● **Requirement**: Only certain lines below are wanted: those starting at the line containing "Flash Furniture 4" and ending at the line containing "GV2 GEVRIL Women's", both included, each retyped exactly.

● **The data**:
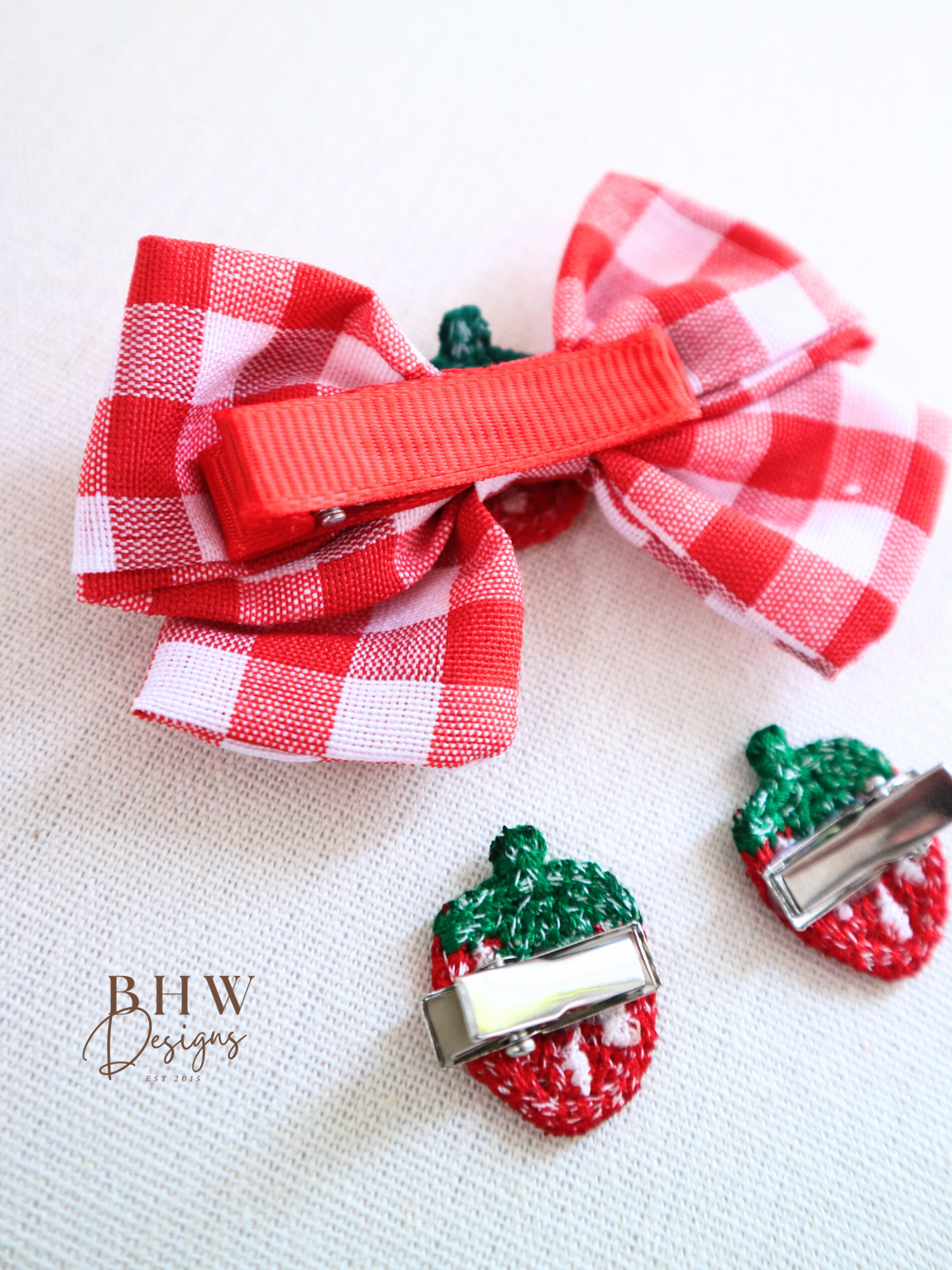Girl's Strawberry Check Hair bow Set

---

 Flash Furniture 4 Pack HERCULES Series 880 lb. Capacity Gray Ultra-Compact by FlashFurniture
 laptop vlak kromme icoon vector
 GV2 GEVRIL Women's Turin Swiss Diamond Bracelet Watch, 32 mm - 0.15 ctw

==

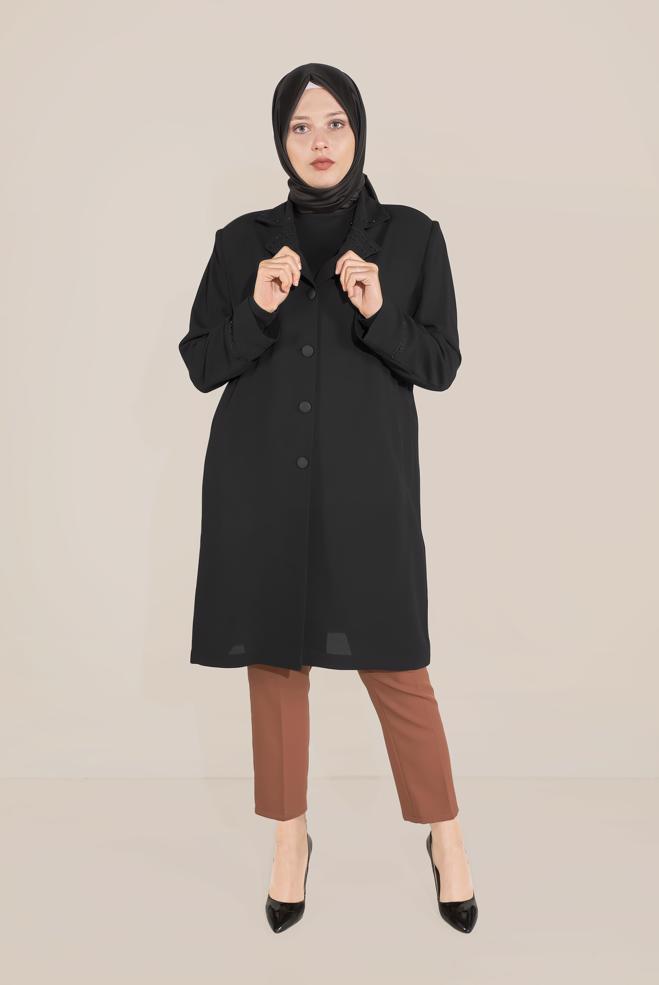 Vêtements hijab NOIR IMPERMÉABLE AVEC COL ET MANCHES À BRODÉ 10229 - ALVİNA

● **Solution below**:
 Flash Furniture 4 Pack HERCULES Series 880 lb. Capacity Gray Ultra-Compact by FlashFurniture
 laptop vlak kromme icoon vector
 GV2 GEVRIL Women's Turin Swiss Diamond Bracelet Watch, 32 mm - 0.15 ctw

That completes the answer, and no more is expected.